救急車がくるまで、お子さんの頭を下にして(くの字に腰を曲げた状態または、逆さにして)背中を叩いて、飲み込んだものを吐き出させてください。水を飲ませたり、頭を上にした状態で背中を叩くと、異物がさらに奥に入り込み、出すことが困難になります。(医師)
タバコやボタン電池、毒性のある化学薬品などを誤飲した場合、状態によっては救急車を呼びます。日本中毒情報センターでは化学物資やビー玉などの異物誤飲などの対処法について相談にのってくれます。(看護師)
夜間や休日など、かかりつけの病院に連絡できないときは、小児救急電話相談事業といって、#8000に電話すると、最寄りの小児科医や看護師に相談することができます。(医師)

子どもの周りに危険なものを置かないようにする

普段から誤飲しやすいものは子どもの手の届くところに置かないようにして、事故を予防することも大切です。
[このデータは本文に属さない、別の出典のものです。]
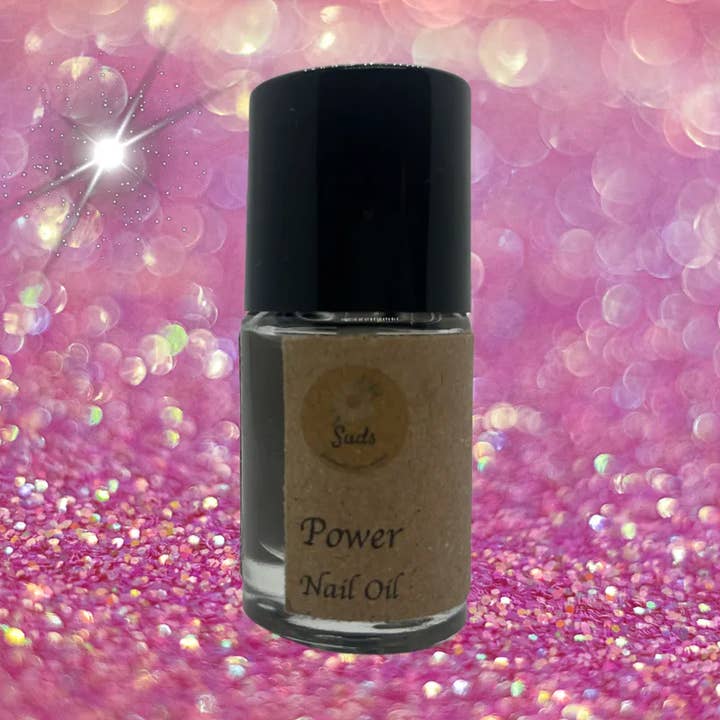 Aceite de uñas Power para venta al por mayor de Suds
子どもの口は小さいですが、乳幼児の口は最大約40mmのものまで口の中に入ります。(看護師)
小さい子どもは何でも口に入れるので、特にペットボトルのふた、ピーナッツなどの豆類、ネジやお母さんのアクセサリーなど、口にしやすいものはお子さんの手の届かない所に置くようにしてください。また、飴玉も喉にひっかかりやすいので、小さいうちはキャラメルのように溶けやすいものがいいでしょう。(医師)

誤飲は命に関わることもある事故です。万が一の時は、子どもの様子を良く観察して緊急性を判断しましょう。緊急性がない場合にも、念のため、医療機関を受診したほうがいいかもしれません。